For line-line collision detection, you do not need to calculate the slope. And in fact I would advise against it because you need to have special cases (vertical lines have undefined slope, so you have to treat them as a special case)
There a very simple and fast way to do this with linear algebra that I use all over the place in my current game project.
I'll share the code when I get home, but I'm at work right now.
EDIT:
Here's a modified version of the code I use. The version I use has different output (tweaked for my needs)

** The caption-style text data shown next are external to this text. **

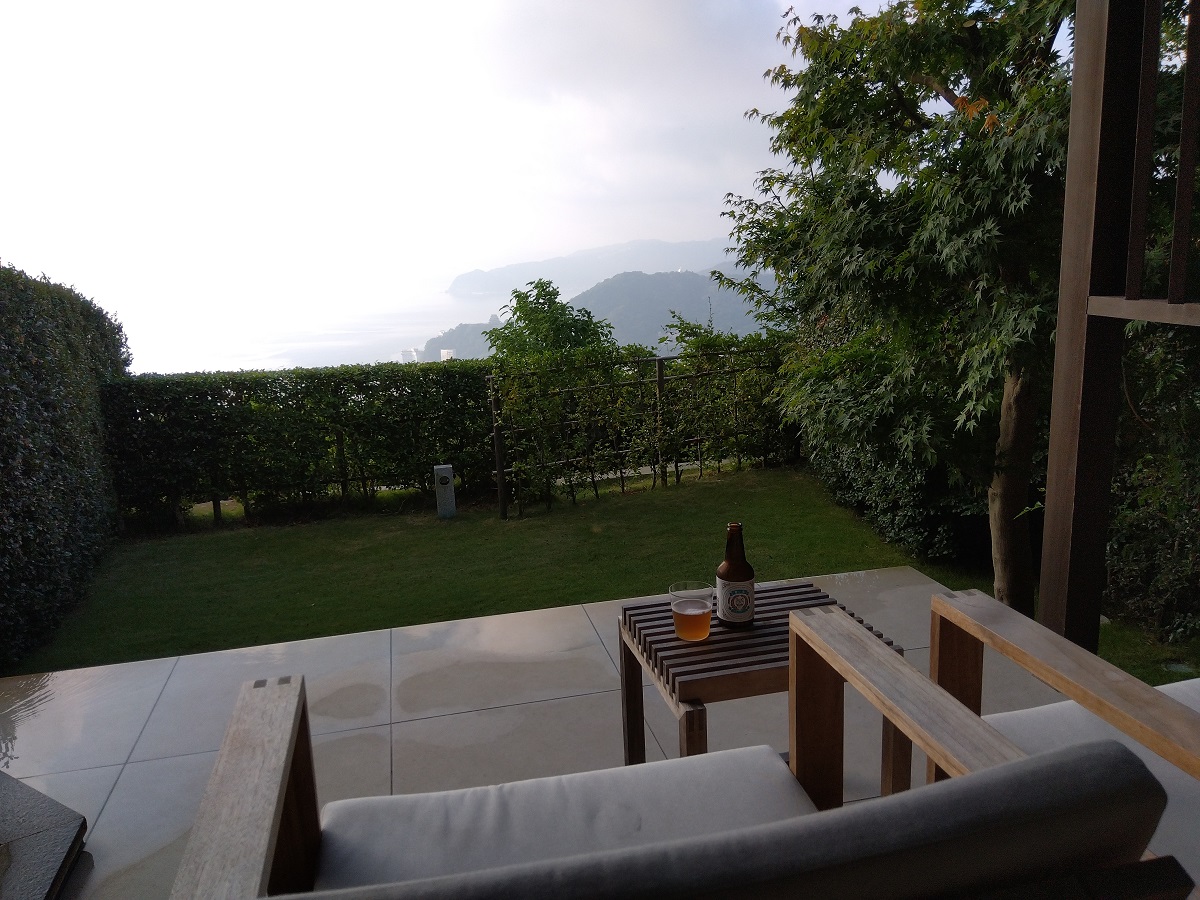 自然の中に身を置いてクラフトビールを味わう画像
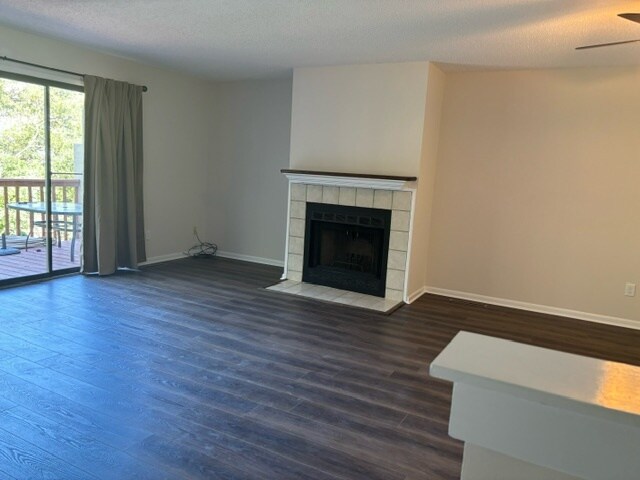 Salón con chimenea de leña, acceso a terraza trasera. - 3913 Whooping Crane Cir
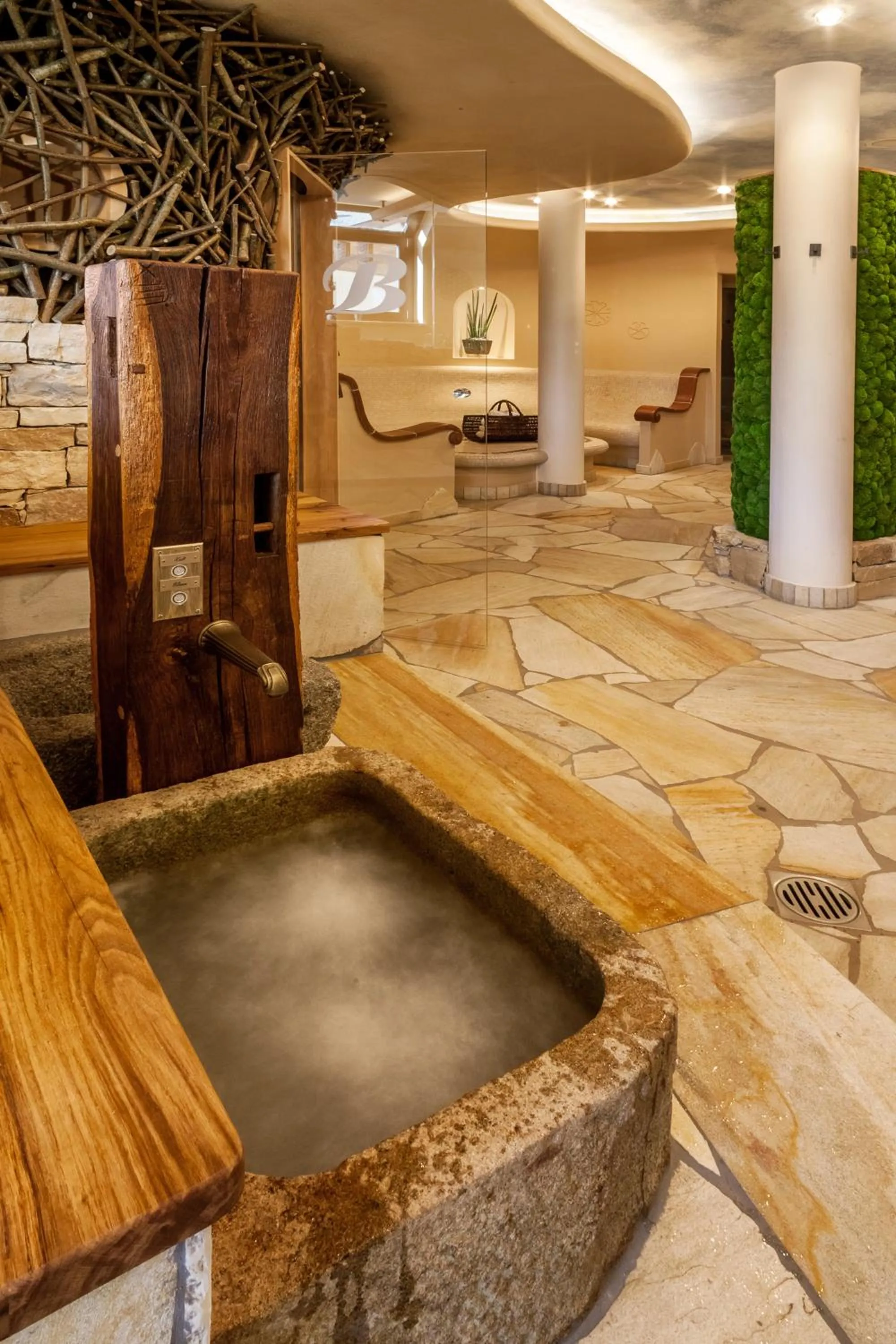 Swimming pool in AlpinArosa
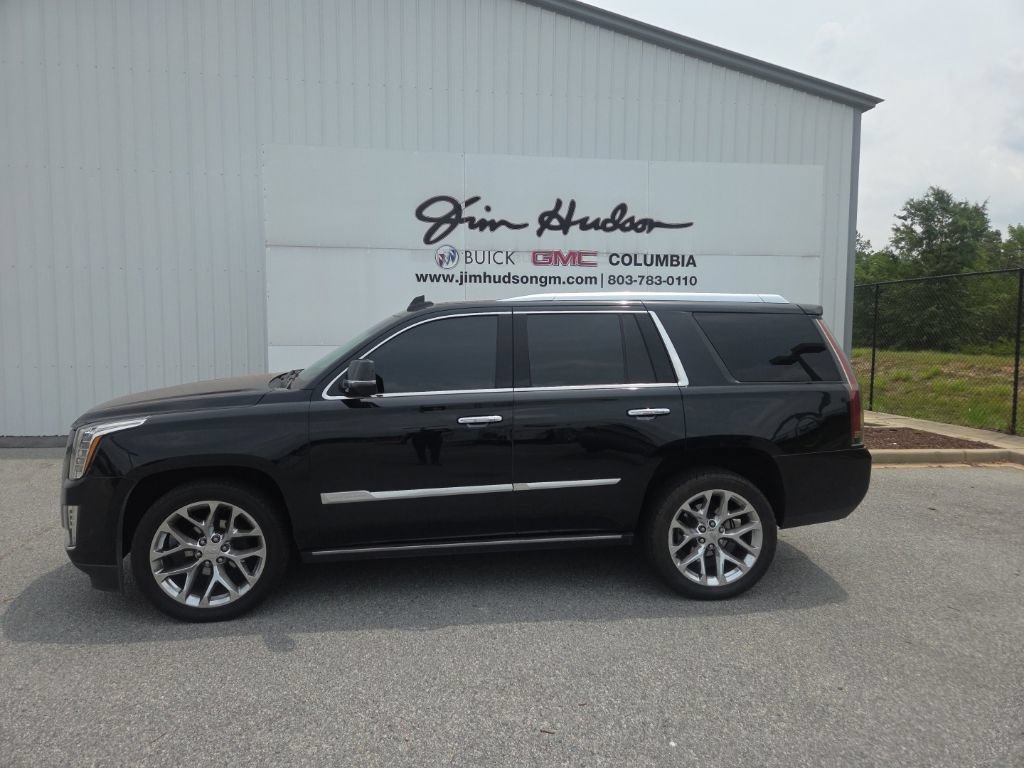 Used 2020 Cadillac Escalade Premium Luxury AWD/4WD image 2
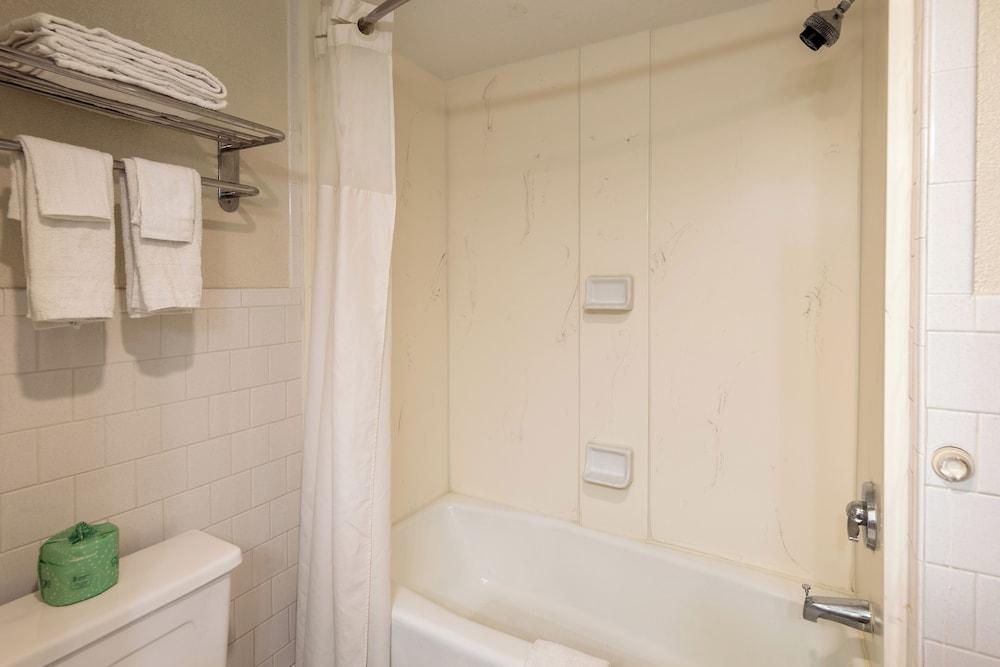 Dominion Inn & Suites photo 21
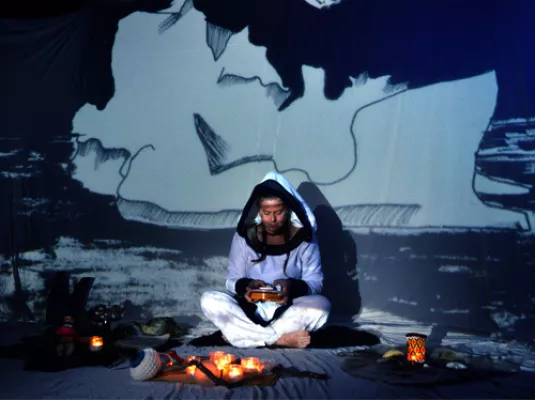 Aux Origines du monde © M. Theodore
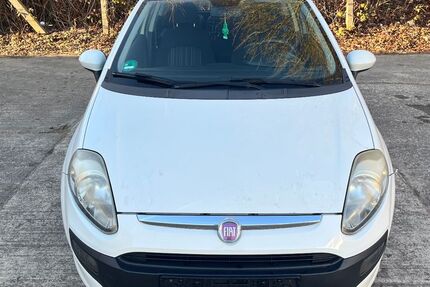Fiat Punto Evo 159.000 km 1.999 &euro; Dorf Mecklenburg/Karow 23972
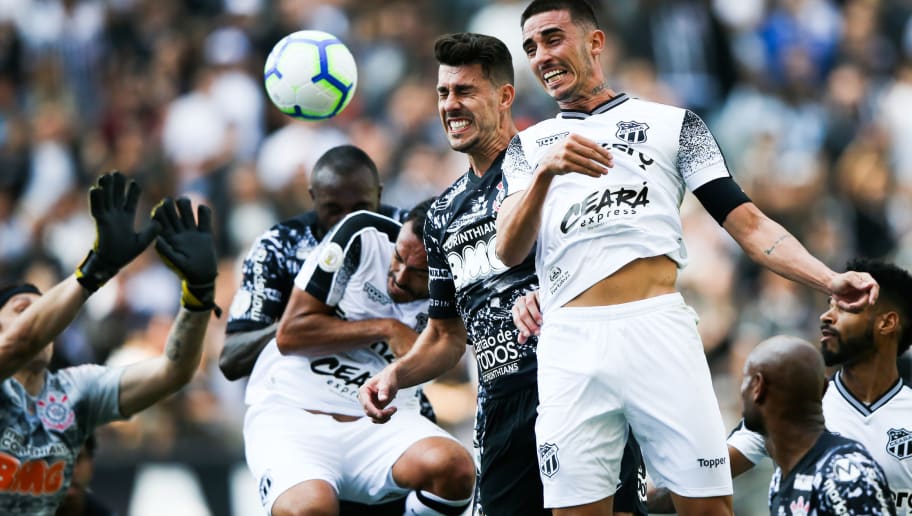 Gols no final das partidas fazem Corinthians se distanciar da liderança - 1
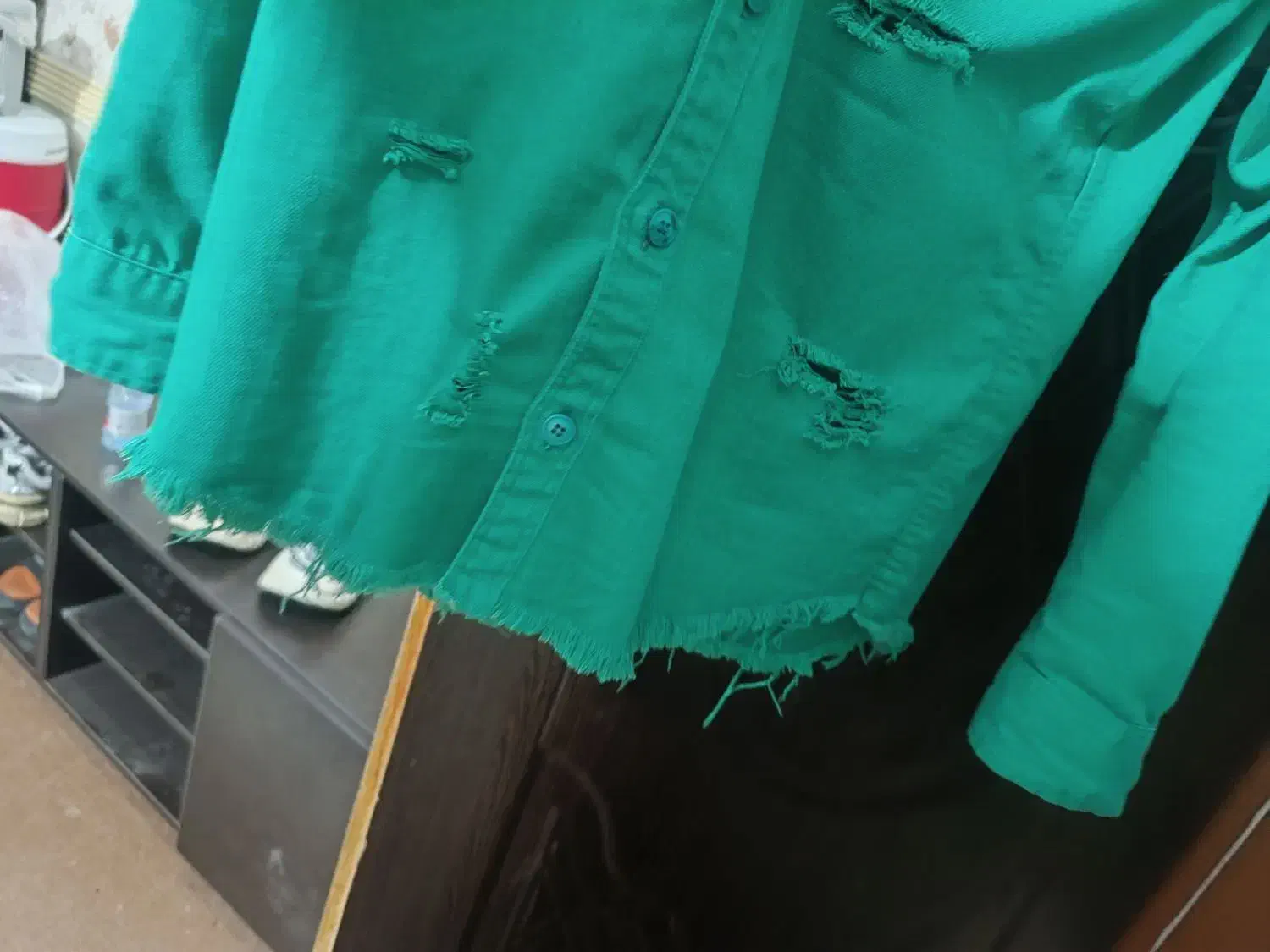 در حد نو|لباس|اهواز, سپیدار|دیوار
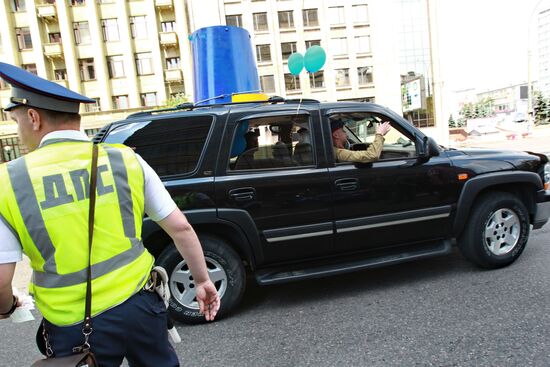 Blue Buckets movement rallies to mark traffic police anniversary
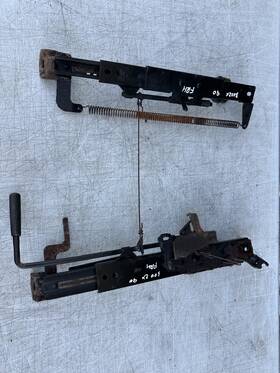 87502-32p00 Nissan 1990 300zx Front Manual Seat Lower Track Rails Right Side Oem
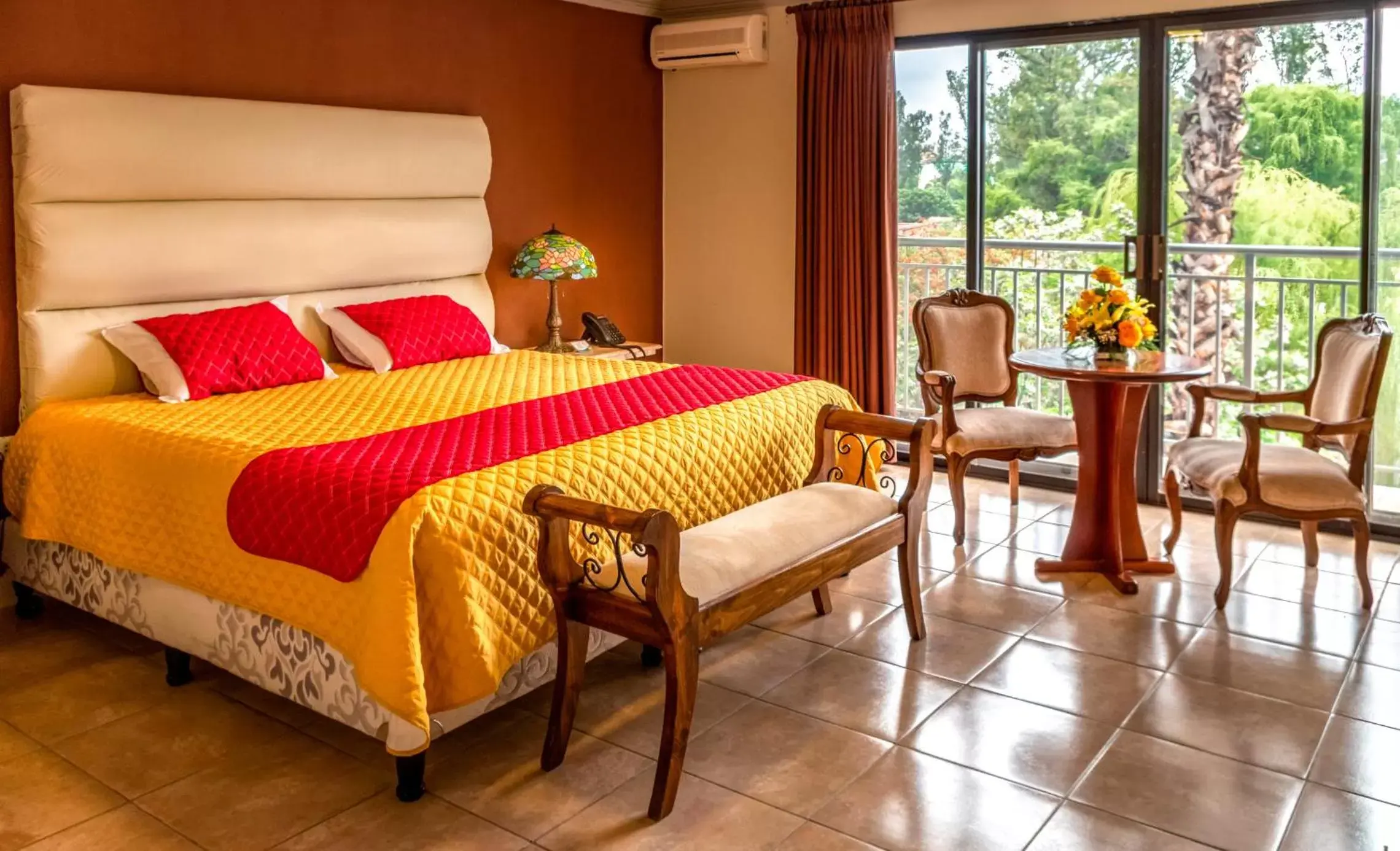 Bed in Hotel Los Ceibos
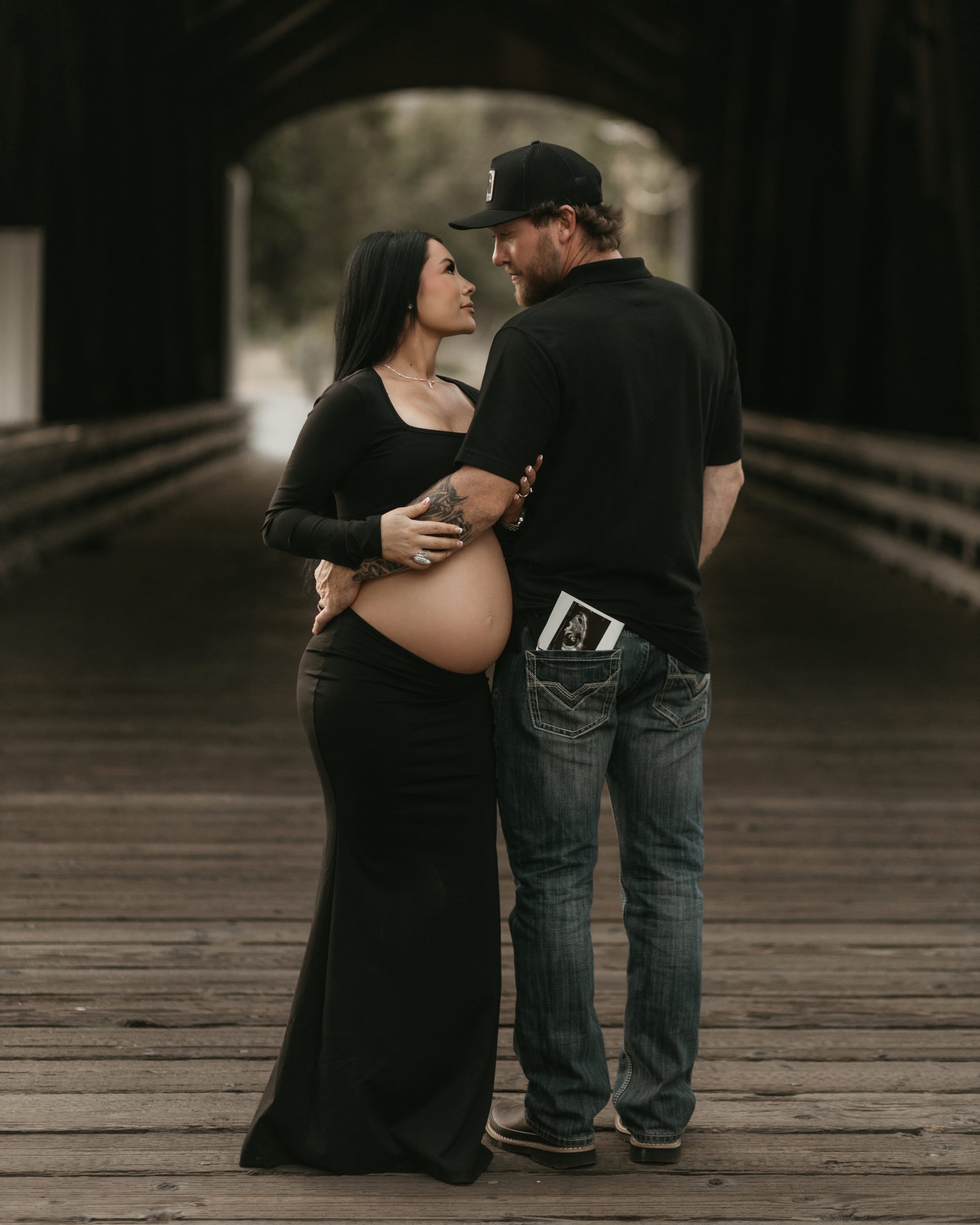 Maternity portrait — frame 7
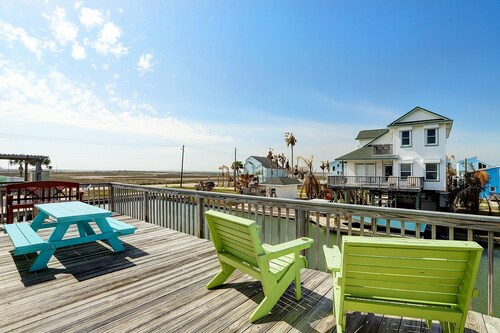 Jamaica Beach Waterfront Home! w/ Paddleboards, Kayak, Pedal Boat, Fishing Gears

inline double Dot(const Point& a,const Point& b) { return (a.x*b.x) + (a.y*b.y); }
inline double PerpDot(const Point& a,const Point& b) { return (a.y*b.x) - (a.x*b.y); }
bool LineCollision( const Point& A1, const Point& A2,
const Point& B1, const Point& B2,
Point* out )
{
Point a(A2-A1);
Point b(B2-B1);
Point c(B2-A2);
double f = PerpDot(a,b);
if(!f) // lines are parallel
return false;
double aa = PerpDot(a,c);
double bb = PerpDot(b,c);
if(f < 0)
{
if(aa > 0) return false;
if(bb > 0) return false;
if(aa < f) return false;
if(bb < f) return false;
}
else
{
if(aa < 0) return false;
if(bb < 0) return false;
if(aa > f) return false;
if(bb > f) return false;
}
if(out)
*out = b * (1.0 - (aa / f)) + B1;
return true;
}
Point is a typedef of sf::Vector2<double>. You could also use sf::Vector2f if you want.
LineCollision returns true if lines intersect. Also if 'out' is non-null, '*out' is set to the intersect point.